After nearly 150 years in the circus biz, Ringling Bros. is hanging up its lion tamer pants. The culprit is high operating costs, paired with the fact that animal-based circuses are bullshit.
“I have made the difficult business decision that Ringling Bros. and Barnum & Bailey® will hold its final performances in May of this year,” CEO Kenneth Feld wrote in a statement. The company started losing money after retiring its dancing elephants in May of 2016, the New York Post reports. To its credit, Ringling Bros. did launch an elephant conservation center in Florida, though advocacy groups continued to protest the use of animals in shows. As the Humane Society told CNN:
“It’s just not acceptable any longer to cart wild animals from city to city and have them perform silly yet coercive stunts,” the society’s President and CEO Wayne Pacelle said in a statement Sunday. “I know this is bittersweet for the Feld family, but I applaud their decision to move away from an institution grounded on inherently inhumane wild animal acts,” Pacelle said.
In 2011, Feld Entertainment paid a fine of $270,000 to the Department of Agriculture for violating the Animal Welfare Act, though it never admitted to wrongdoing.
The announcement that Ringling Bros. is closing came just days after it debuted its first ever female ringmaster. “It’s a huge deal,” Kristen Michelle Wilson told CBS. “I am the very first female ringmaster in 146 years.” She’ll also be the last, though 30 more performances across the U.S. will be held between now and May. The final show will be held on May 21 at Nassau Coliseum in New York.
“The competitor in many ways is time,” Feld told the Post, adding that when his family acquired the show in 1967, each performance was just under three hours. It’s since been shortened to two, and the longest segment—a tiger act—is 12 minutes, which is probably 11 minutes longer than most kids can tolerate.
“Try getting a 3- or 4-year-old today to sit for 12 minutes,” he said.

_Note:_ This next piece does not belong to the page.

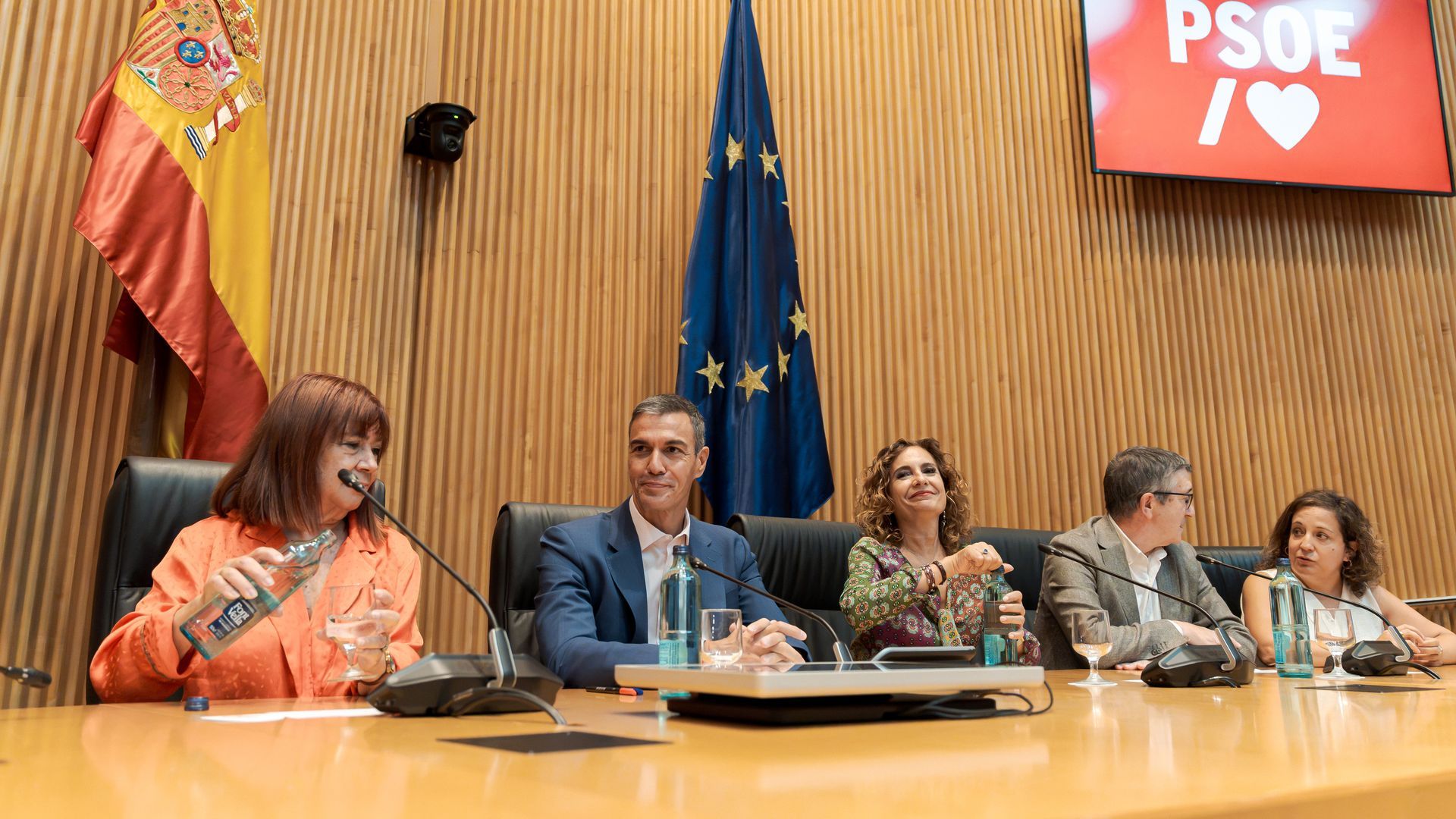 El PSOE cae dos puntos tras la crisis de Ceuta, pero mantiene 5,5 puntos de ventaja sobre PP, según el CIS, que apunta a un alza de Vox El PSOE cae dos puntos tras la crisis de Ceuta, pero mantiene 5,5 puntos de ventaja sobre PP, según el CIS, que apunta a un alza de Vox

Ringling Bros.’ remaining animals—which include lions, tigers, camels, donkeys, alpacas, kangaroos and llamas—will “go to suitable homes,” the AP reports, and the company will continue to operate its elephant conservation center.
Some of Ringling Bros. 500 employees will be transferred to Feld’s other shows, which include Monster Jam, Disney on Ice and Marvel Live. The rest will receive help finding new employment, and those who live on the circus’s tour rail car will be given help with housing relocation.